Guide to productionizing a Hive query

Query

This Hive query is a simplified version of generate_wikipedia_preview_stats_daily.hql.


--
-- Populates the wikipedia_preview_stats table daily,
-- filtering webrequest data and aggregating it into interesting dimensions.
--
-- Parameters:
--     source_table         -- Fully qualified table name of the source webrequest data.
--     destination_table    -- Fully qualified table name for the wikipedia preview stats.
--     year                 -- Year of the partition to process.
--     month                -- Month of the partition to process.
--     day                  -- Day of the partition to process.
--
-- Usage:
--     spark3-sql -f generate_wikipedia_preview_stats_daily.hql \
--         -d source_table=wmf.webrequest \
--         -d destination_table=wmf_product.wikipedia_preview_stats \
--         -d year=2023 \
--         -d month=5 \
--         -d day=21
--

INSERT OVERWRITE TABLE ${destination_table}
    PARTITION(year=${year}, month=${month}, day=${day})
SELECT /*+ COALESCE(1) */
    SUM(CAST(is_pageview AS INT)) AS pageviews
FROM
    ${source_table}
WHERE
    x_analytics_map['wprov'] REGEXP '^wppw(\\d+)(t?)$'
    AND agent_type = 'user'
    AND webrequest_source = 'text'
    AND year = ${year}
    AND month = ${month}
    AND day = ${day}
;

Table-populating queries like that should always be accompanied by table-creating queries — for example: create_wikipedia_preview_stats_table.hql.
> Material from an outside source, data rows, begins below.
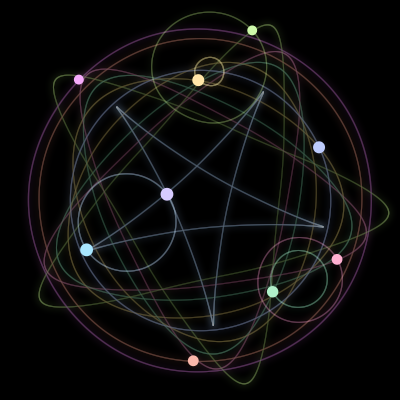 Paths of #1311_9, a 9-body orbit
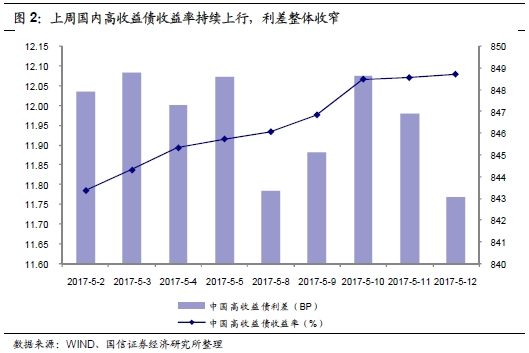 收入证明_利差收入计算(2)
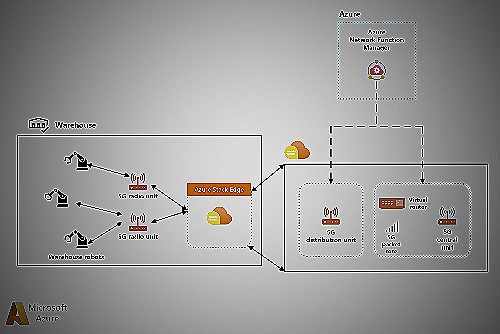 Low Latency Network Image - forex vps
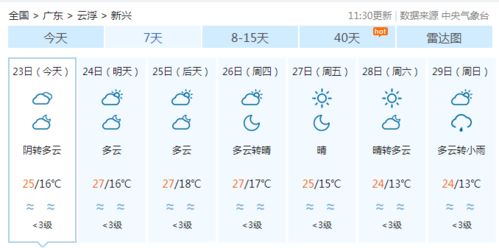 远景x6自动天气预报提醒怎么关洗干净了来晒晒我喜气洋洋的红色远景X6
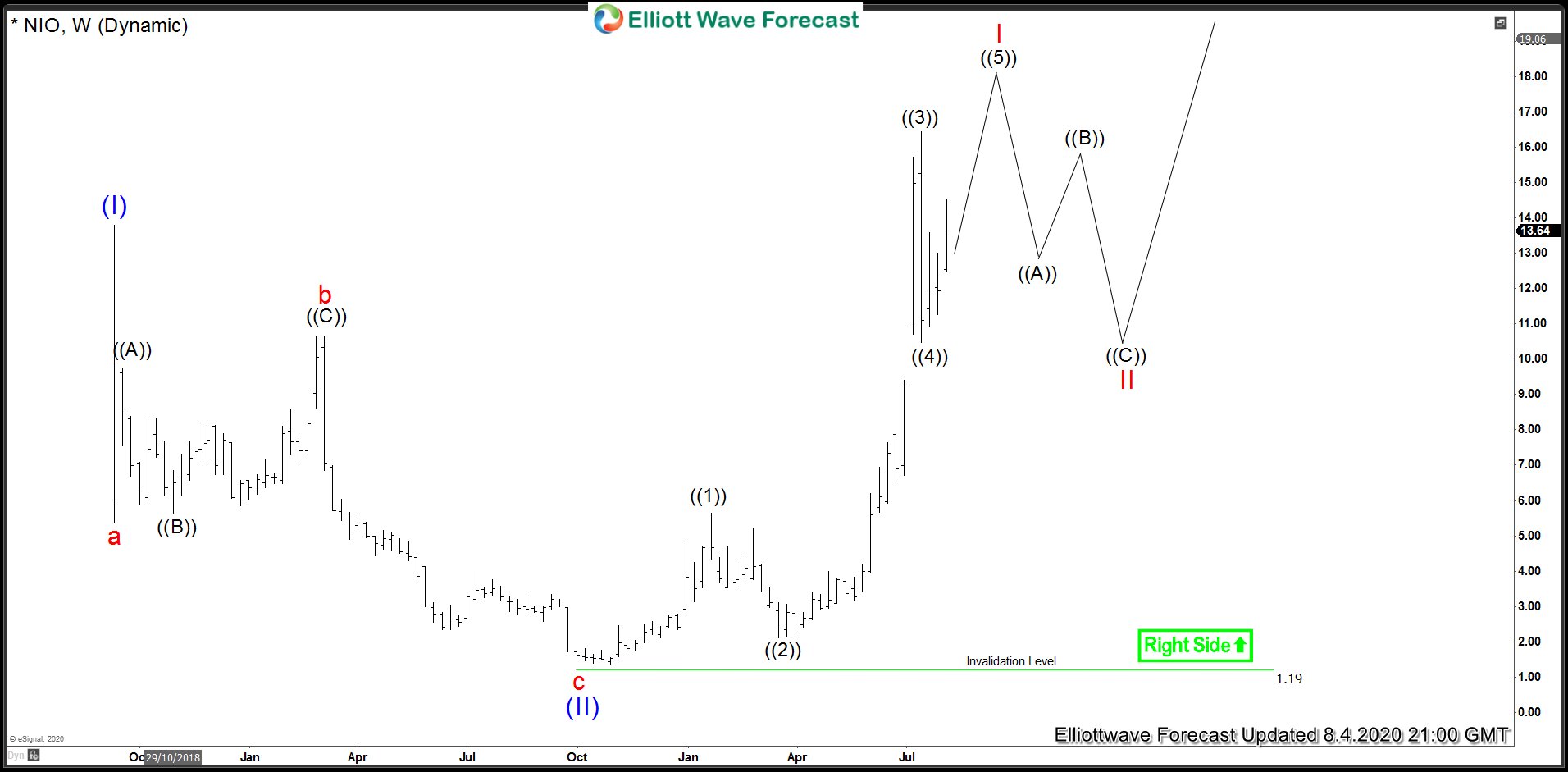 NIO (NYSE): Consolidating Gains Before a Break Higher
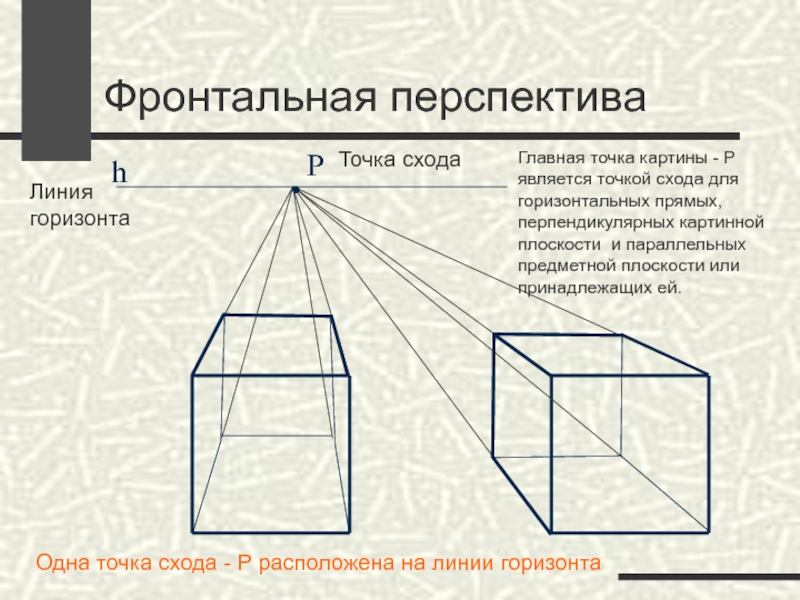 Главная точка картины располагается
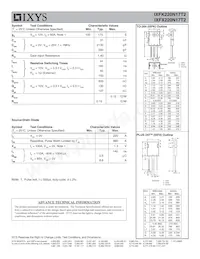 IXFK220N17T2 Datenblatt Seite 2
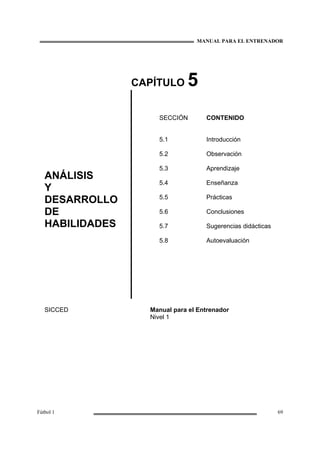 MANUAL PARA EL ENTRENADOR
Fútbol 1 69
CAPÍTULO 5
ANÁLISIS
Y
DESARROLLO
DE
HABILIDADES
SECCIÓN
5.1
5.2
5.3
5.4
5.5
5.6
5.7
5.8
CONTENIDO
Introducción
Observación
Aprendizaje
Enseñanza
Prácticas
Conclusiones
Sugerencias didácticas
Autoevaluación
SICCED Manual para el Entrenador
Nivel 1
 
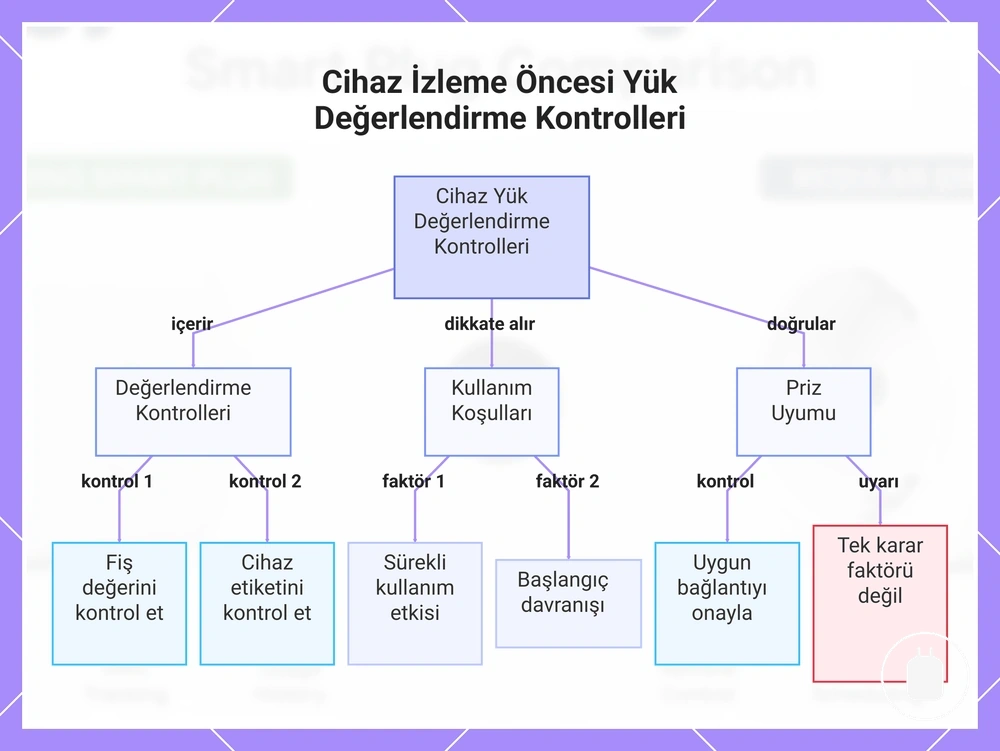 Cihaz İzleme Öncesi Yük Değerlendirme Kontrolleri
Effectively this is the command that Airflow generates and executes. It also demonstrates the values of the query's parameters.

As a best practice, do not hardcode table names in your query but make them parameters. This applies to both source_table and destination_table.

An instruction to Spark SQL to produce a single file within the partition.

Data Dependencies⇑ Top

The file datasets.yaml specifies all the source tables used by the queries to populate destination tables.


hive_wmf_webrequest_text:
  datastore: hive
  table_name wmf.webrequest
  partitioning: "@hourly"
  pre_partitions: ["webrequest_source=text"]

For more examples refer to Data Engineering's datasets.yaml.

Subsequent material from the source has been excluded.